Saturday, June 27, 2015

XXV. Una Excursión en las Montañas

A Hike in the Mountains

Looking back to our big lake, barely visible just above the notch
Yesterday I spent another day in the company of some amiable (for the most part) gringos, this time on a hike instead of a road trip. The hiking group, whose composition varies around a hard core of about half a dozen, meets mornings every Tuesday—martes—and Friday—viernes—at Dona’s Donuts on the carretera, about seis cuadras from where we live.

This was the first hike I’d been on since we moved, although I’d gone on several others during previous visits. The trails are of varying degrees of difficulty. Some we can begin by just walking the short distance out of town into las montañas, and others require driving, usually no more than 50 km, to the trailhead. Each hike is briefly described in emails sent out weekly by Jim Boles, indefatigable organizer for the “Hike-queros”.

Jim, Doug, and Lynn next to "Turtle Pond"--our lunch stop.
Befitting an area that’s been continuously occupied for thousands of years, and to which paved roads mostly arrived only in the past half century, there are numerous trails. Around here the main ones usually connect small villages separated by high ridges. Shorter trails branch off to isolated milpas, or tiny landholdings cultivated in cornmaiz. Many trails provide passage to pasturages for cows, so we are wary of where we step. Just out of town there’s also a trail to a hillside chapel that passes signs denoting the 14 Stations of the Cross.

Another nearby path follows a steep and rocky arroyo. I had hiked up this way last February en route to the ceremonial ground used for a late-summer gathering of Indians from all over North America. Yesterday’s hike ended coming down this same path, and since this is the rainy season, crossing and re-crossing a growing stream interrupted by numerous waterfalls and pools, all of which had not been there in the winter.

Ruben, second from left, in his milpa with month-old maiz. 
Note the espantajo, or scarecrow, to Steven's left.
Our hike yesterday started with a thousand foot elevation gain mostly steady up (without the many zig-zag switchbacks I expected from experience climbing in Washington’s Cascades). Along the ridge top there were vistas down a thousand feet to our village (and the gated communities, and the Walmart with the bird rookery and sanctuary behind it), and over the wide lake to the mountains of the far shore, all mostly hidden this morning in haze. Later, there were clearer views in the other direction up to higher greening ridges, sheer rocky cliffs and one long thread of falling water. 

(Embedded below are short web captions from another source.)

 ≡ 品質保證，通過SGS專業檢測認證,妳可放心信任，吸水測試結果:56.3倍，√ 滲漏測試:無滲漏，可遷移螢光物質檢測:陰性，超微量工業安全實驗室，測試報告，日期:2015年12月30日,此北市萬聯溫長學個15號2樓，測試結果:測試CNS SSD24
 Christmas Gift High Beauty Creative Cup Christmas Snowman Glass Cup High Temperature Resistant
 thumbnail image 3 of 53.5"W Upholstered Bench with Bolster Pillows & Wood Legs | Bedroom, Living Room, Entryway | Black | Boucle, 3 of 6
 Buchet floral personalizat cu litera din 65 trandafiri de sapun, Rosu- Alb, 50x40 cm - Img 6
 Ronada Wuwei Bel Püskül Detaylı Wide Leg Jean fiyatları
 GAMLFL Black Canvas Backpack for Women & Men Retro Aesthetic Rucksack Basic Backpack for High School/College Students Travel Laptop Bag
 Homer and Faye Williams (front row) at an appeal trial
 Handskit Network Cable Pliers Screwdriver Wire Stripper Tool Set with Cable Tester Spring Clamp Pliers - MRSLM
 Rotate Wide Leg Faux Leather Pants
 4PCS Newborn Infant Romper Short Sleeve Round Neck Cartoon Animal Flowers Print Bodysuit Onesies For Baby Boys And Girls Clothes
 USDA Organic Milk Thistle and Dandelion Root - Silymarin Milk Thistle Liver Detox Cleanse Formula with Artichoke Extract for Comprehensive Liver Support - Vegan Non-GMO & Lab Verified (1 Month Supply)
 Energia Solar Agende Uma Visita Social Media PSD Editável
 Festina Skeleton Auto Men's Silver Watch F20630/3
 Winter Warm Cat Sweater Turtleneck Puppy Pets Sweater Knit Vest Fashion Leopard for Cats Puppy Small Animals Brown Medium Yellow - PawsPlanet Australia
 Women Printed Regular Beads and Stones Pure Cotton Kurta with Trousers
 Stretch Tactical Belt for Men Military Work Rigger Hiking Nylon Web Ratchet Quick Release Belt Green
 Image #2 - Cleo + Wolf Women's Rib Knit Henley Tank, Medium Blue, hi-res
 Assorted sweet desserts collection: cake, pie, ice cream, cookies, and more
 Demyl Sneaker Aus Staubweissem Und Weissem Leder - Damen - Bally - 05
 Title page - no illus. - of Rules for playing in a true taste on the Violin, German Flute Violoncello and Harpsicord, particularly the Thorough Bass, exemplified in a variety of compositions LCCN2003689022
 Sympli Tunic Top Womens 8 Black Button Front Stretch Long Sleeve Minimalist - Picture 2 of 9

These young men are cleansing themselves
in the water which is like the the blood of
the gods who live in these mountains. These
are the second and third of five major falls.  
As with the Hacienda Hunt, the joy is not only in what we see and feel in the natural setting, but in the people we meet. Jim had made friends about five years ago with Ruben, who farms a milpa in a saddle somewhere along one of the twisty trails we followed. Ruben was growing his maiz, not to sell, he told us, but it was all to cook and give to his friends who visited him there. We, of course, were invited to come back at harvest time in about two months. Perhaps we'll join him then when he climbs a high and precariously balanced rock to dance on its top—a yearly family tradition that goes back generations...or not. 

Along with telling us proudly about his son who is a successful lawyer in Houston, Ruben also invited us to join him on a Saint’s Day procession in a couple of weeks between two nearby villages. This will also be a gathering of charros, or cowboys, and of course their caballos. Jim is going to confirm that date—always an excellent idea—and perhaps substitute that adventure for one of our weekly hikes.

And finally, on our way down the waterfall path we passed many families and young people laughing as they enjoyed the refreshing agua. One young man, whom we had noticed standing under the shower at the base of a fall, and who spoke much better English than our poor Spanish, told us that these mountains were the home of the gods, and that their spirits were cleansing him as he stood washed in the water. A good thought to carry back home.